What is the connection with the Pythagorean theorem?

Exercise 4.2 Consider the vectors \(u_1 = (1, 0, 1)\), \(u_2 = (1, 1, 1)\), and \(u_3 = (-1, 1, 0)\). Apply the Gram-Schmidt process to the set \((u_1, u_2, u_3)\).

Exercise 4.3 In \(\mathbf{R}^3\), consider the vectors \(v_1 = (1, 1, 0)\) and \(v_2 = (1, 1, 1)\). Let \(F = \mathrm{Span}(v_1, v_2)\).

Find an orthonormal basis for \(F\) using the Gram-Schmidt orthonormalization process.
Calculate the image of the standard basis vectors under the orthogonal projection onto \(F\), denoted \(P_F\).
Deduce the matrix of \(P_F\) in the standard basis.
Provide a system of equations defining \(F^\bot\).
Provide an orthonormal basis for \(F^\bot\).
What is the distance from the vector \((1, -1, 1)\) to \(F\)?

Exercise 4.4 Verify that the matrix \(A = \frac{-1}{3} \begin{bmatrix} -2 & 1 & 2 \\ 2 & 2 & 1 \\ 1 & -2 & 2 \end{bmatrix}\) is an orthogonal matrix.

Exercise 4.5 In \(\mathbf{R}^3\), consider the point \(C = (1, 2, 1)\).

Provide an equation for the sphere \(S\) centered at \(C\) with radius 2, i.e., the set of points at distance 2 from \(C\).
Provide an equation for \(C^\bot\). What is the dimension of this subspace? Give an orthonormal basis for it.
Represent \(S\) and \(C^\bot\) using Geogebra 3D.
Justify that \(C^\bot \cap S = \emptyset\).

Exercise 4.6 Let \(\mathcal{B} = (u_1, \dots, u_n)\) be a basis of \(\mathbf{R}^n\) and \(\mathcal{B}' = (e_1, \dots, e_n)\) the orthonormal basis obtained by the Gram-Schmidt process. Let \(R\) be the change-of-basis matrix from \(\mathcal{B}'\) to \(\mathcal{B}\).
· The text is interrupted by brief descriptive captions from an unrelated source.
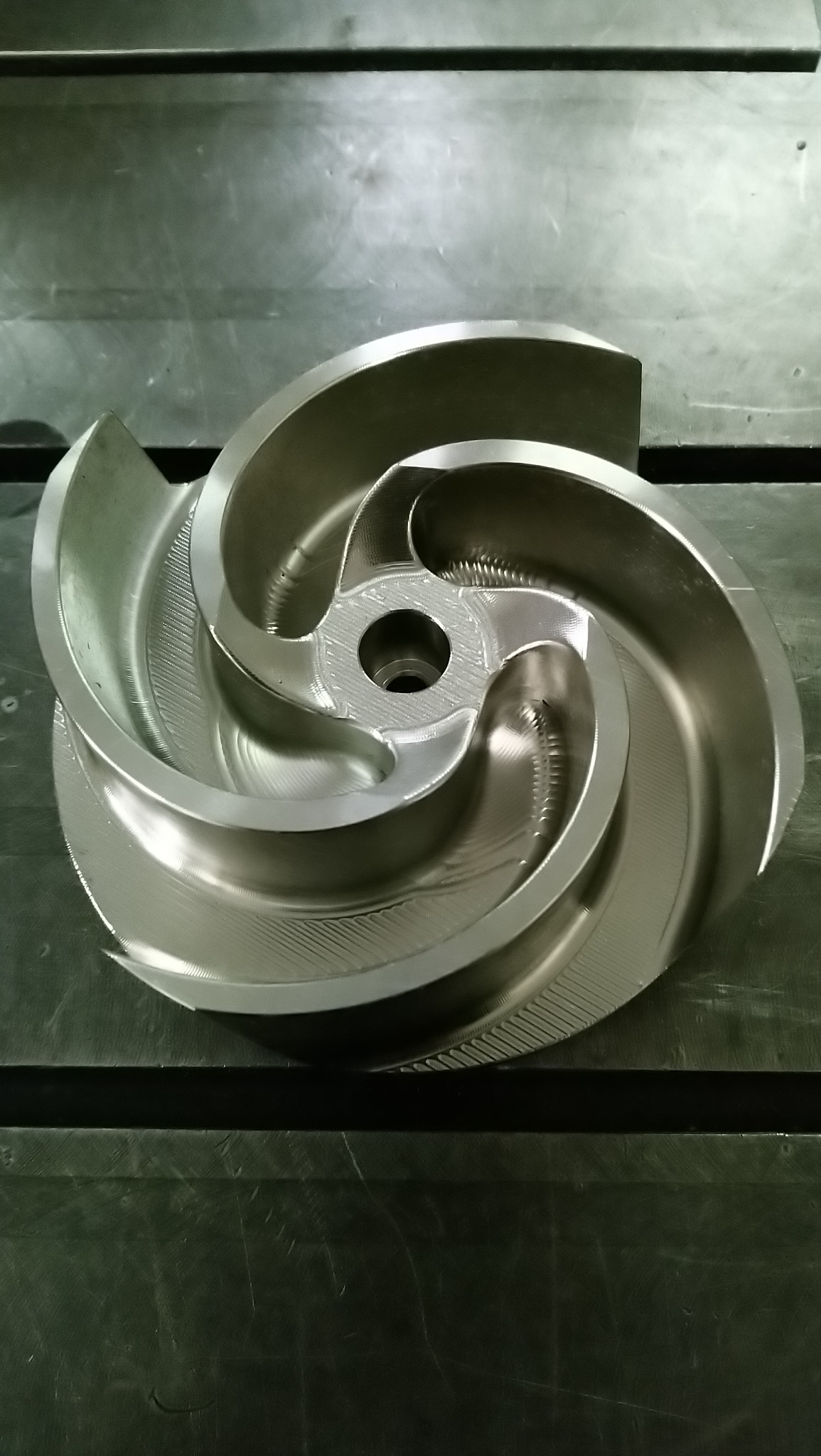 Precyzyjnie obrobiony metalowy wirnik pompy z widocznymi śladami frezowania, leżący na stole warsztatowym. Detal z bliska, oświetlenie neutralne.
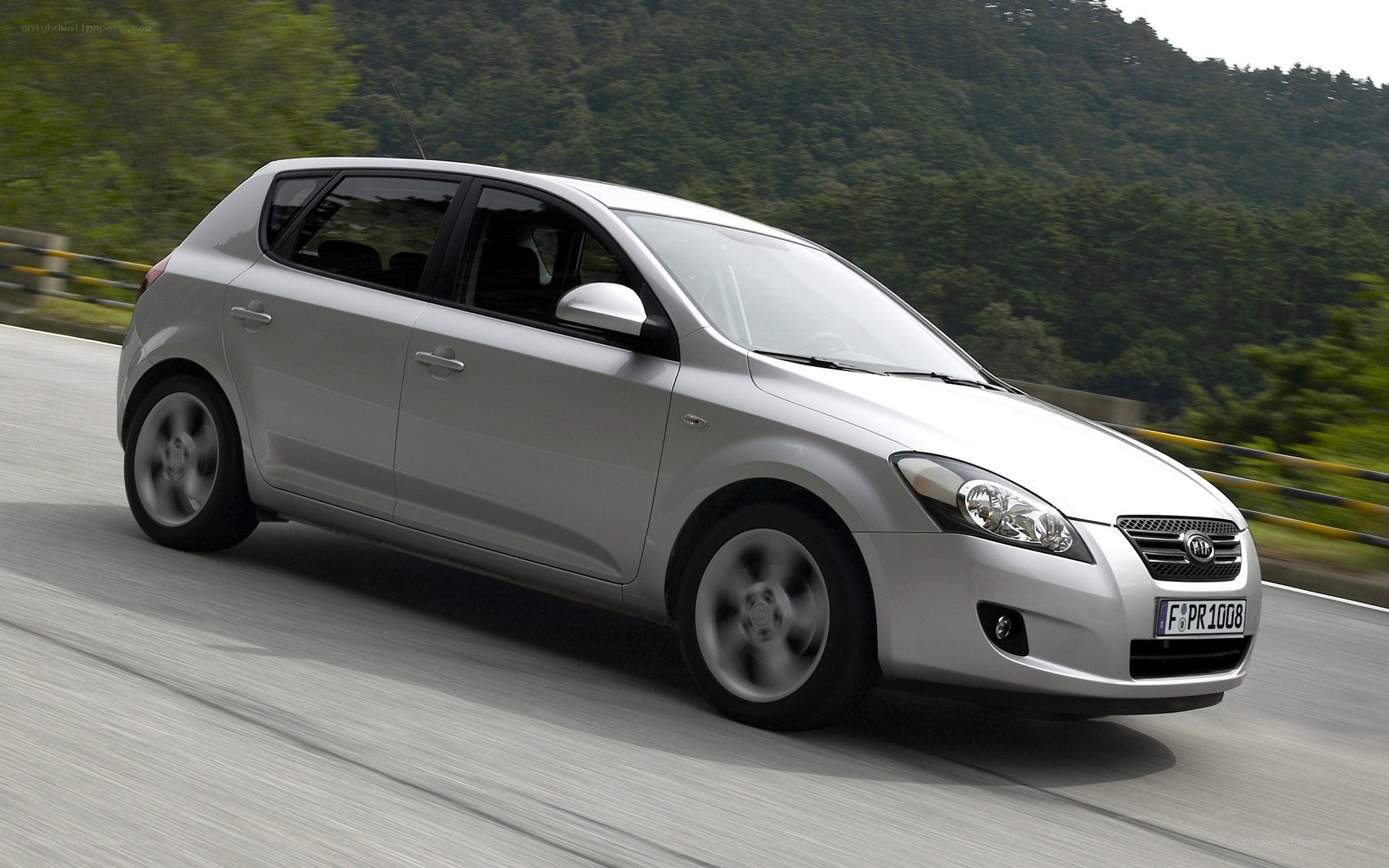silver kia cee'd driving on road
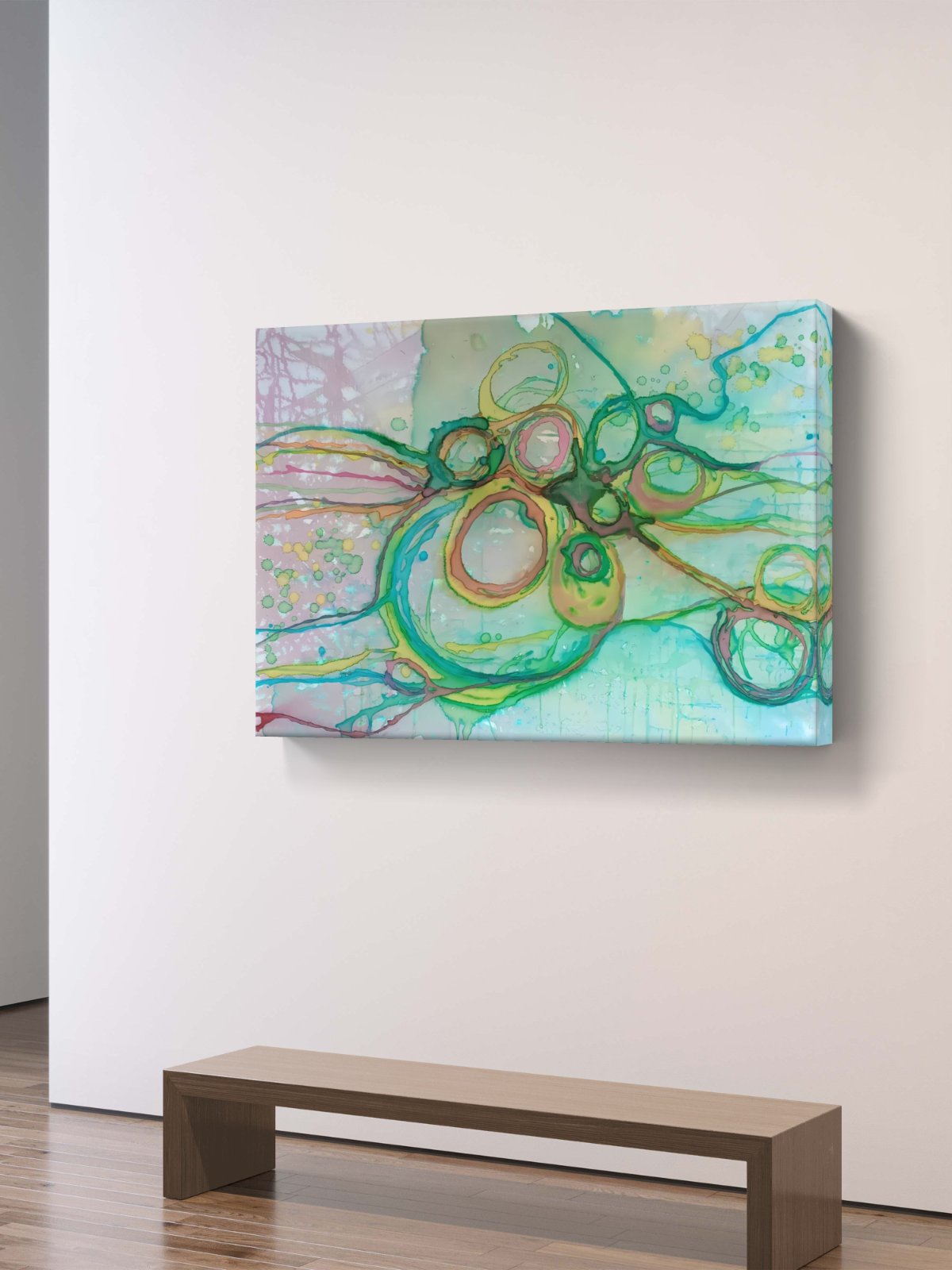 Original abstract painting titled 'The Balance' by TRAXI featuring serene textures and organic rhythms. The artwork represents the culmination of the series States of Becoming, exploring harmony, nature, and spiritual equilibrium. Abstract canvas wall art featuring green, yellow, and light blue circular brushstrokes, displayed on a white wall above a minimalist wooden bench.
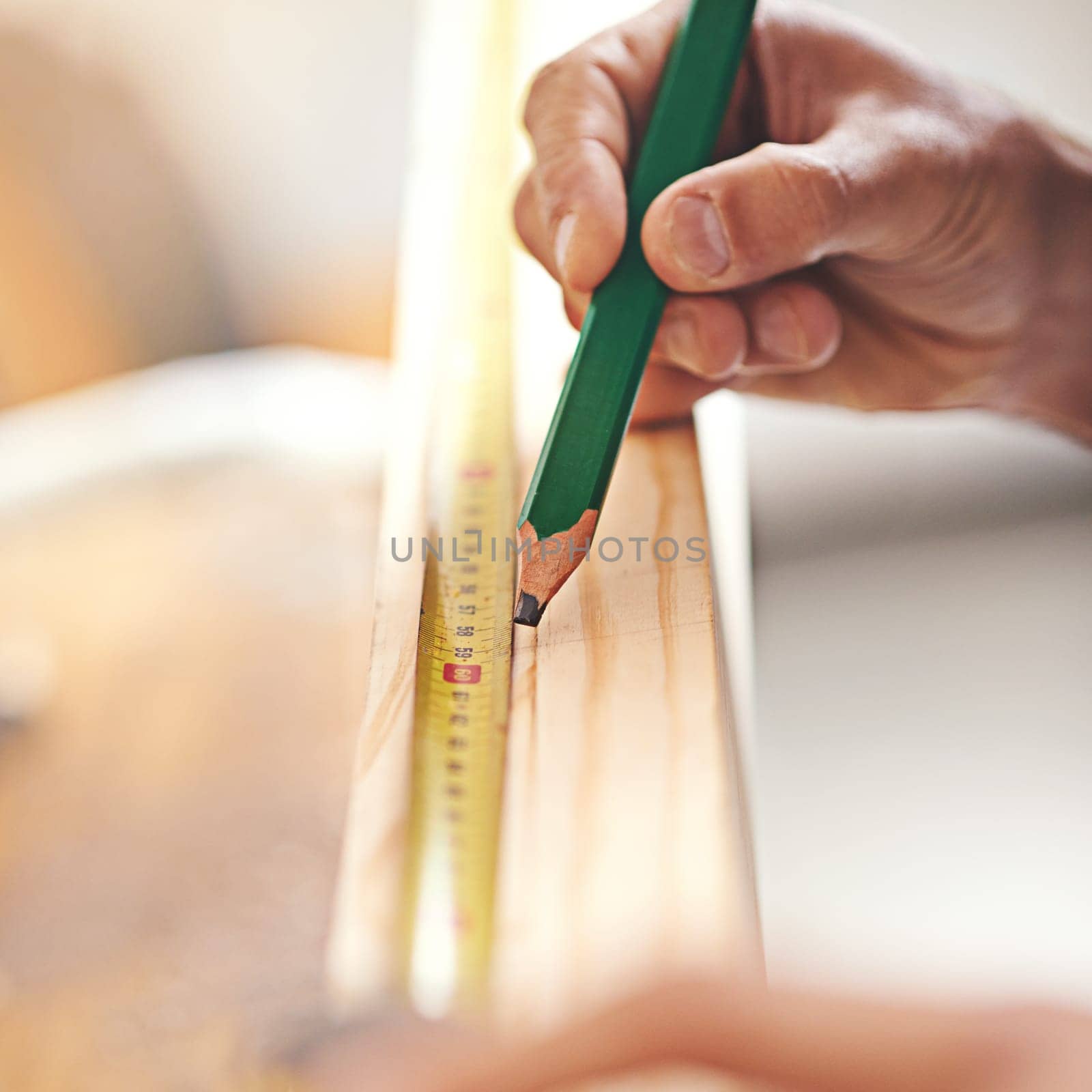 Carpenter, wood and measure with hands of man in workshop for building, manufacturing and creative. Planning, industry and drawing with closeup of handyman for builder, lumber and maintenance.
Provide the entries of \(R\).
Observe that \(R\) is an upper triangular matrix.
Let \(Q\) be the change-of-basis matrix from the standard basis \(\mathcal{B}_0\) to \(\mathcal{B}'\). Justify that \(Q\) is an orthogonal matrix.
Let \(A\) be an invertible matrix in \(\mathrm{M}_n(\mathbf{R})\). Denote \(u_1, \dots, u_n\) as its column vectors. Interpreting \(A\) as the change-of-basis matrix from \(\mathcal{B}_0\) to \(\mathcal{B}\), justify that \(A = QR\).
Justify that the solution to a linear system \(AX = B\), where \(X \in \mathbf{R}^n\) is the unknown and \(B \in \mathbf{R}^n\) is given, is solved by \(X = R^{-1} (^tQ) B\), and that this is computed quite easily.